For the various shots I used a Sony Alpha 700 with a Tamron 70-300 in macro mode and a Sony Alpha  77 with a  100mm lens in macro mode and a Sony Alpha 6000 with a Sony 18-55 E Mount.

An Imperial AT-AT on patrol in swamp

An AT-AT on patrol in swamp, planet unknown. (Robin Rowland)

Star Wars Command AT-AT photographer in the woods near my house. Now that it’s spring will be able to do more outdoor photography where appropriate (the small approx 54mm Star Wars Command figures don’t always blend into a real world setting as easily as the larger 3.5, 6 and 12 inch figures).

Shot with Sony A700 and Tamron 70 to 300 on macro mode.

A lone Imperial AT-AT on dawn patrol

As the sun comes up this lone Imperial AT-AT (All Terrain Armored Transport) sets out on patrol on icy world. Although this Imperial combat walker is 22.5 metre high, carries a crew of four and up to 40 snowtroopers as passengers, it looks insignificant against the landscape. (Robin Rowland)

The journey is uphill into the mountains. (Robin Rowland)

Through a mountain pass. (Robin Rowland)

The Imperial Walker All Terrain Armored Transport, a symbol of the might of the galactic empire.

An attacking AT-AT coming out of the blinding early morning sun would strike fear into any group of rebels. (Robin Rowland)

The patrol continues. (Robin Rowland)

Not all the walkers return safely from their mission. The crew and passengers of our AT-AT have to pass one that didn’t make it (Robin Rowland)

A rebel snowspeeder in its own dawn patrol spots the AT-AT so their troops are warned. (Robin Rowland)

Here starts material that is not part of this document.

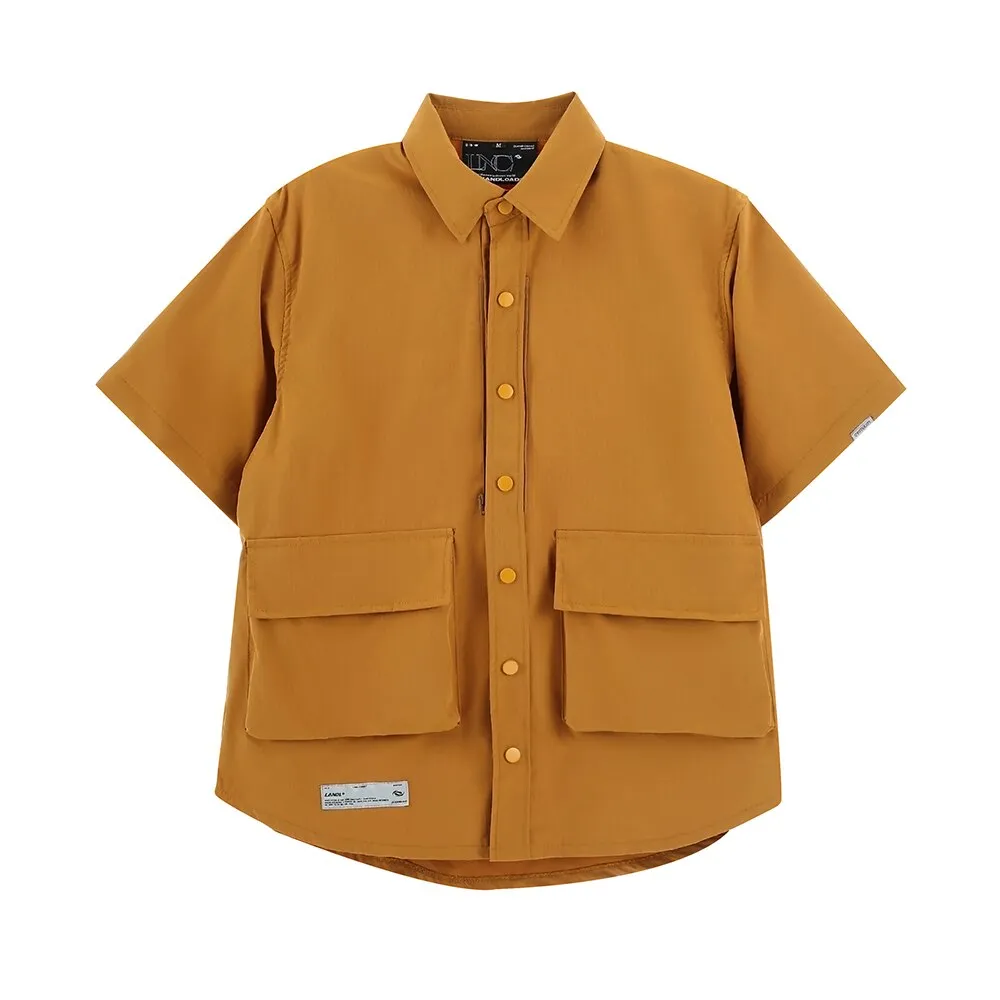 Multi Pocket MA1 Shirt with Attachable Sleeves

The AT-AT reaches the limit of its assigned patrol and turns and heads back to home base. (Robin Rowland)

Details

Hasbro Star Wars Command AT-AT. This time after spray panting with white primer, i used a series of washes, first a couple of diluted grey washes, then a grey wash mixed with white and blue, then I added a steel colour to the grey wash and the finished off with a final grey wash.

All images were taken in my front garden in -15 C (wind chill -25 C). In the current cold snap I noticed gorgeous light on Sunday as the sun came up over the mountains of Kitimat. Monday was cloudy but today Tuesday was perfect. Cameras. Wide shots taken with Sony Alpha 6000 with 18 to 55. Medium shots with Sony Alpha 6000 and Sony Alpha 77 and close ups with Sony Alpha 77 with a Tamron 70 to 300 set on macro mode. The one problem was that when I tried to create tracks, the snow was so soft that in most cases, all that came of it was a big hole in the snow that didn’t look right. Also the wind kept blowing the model over.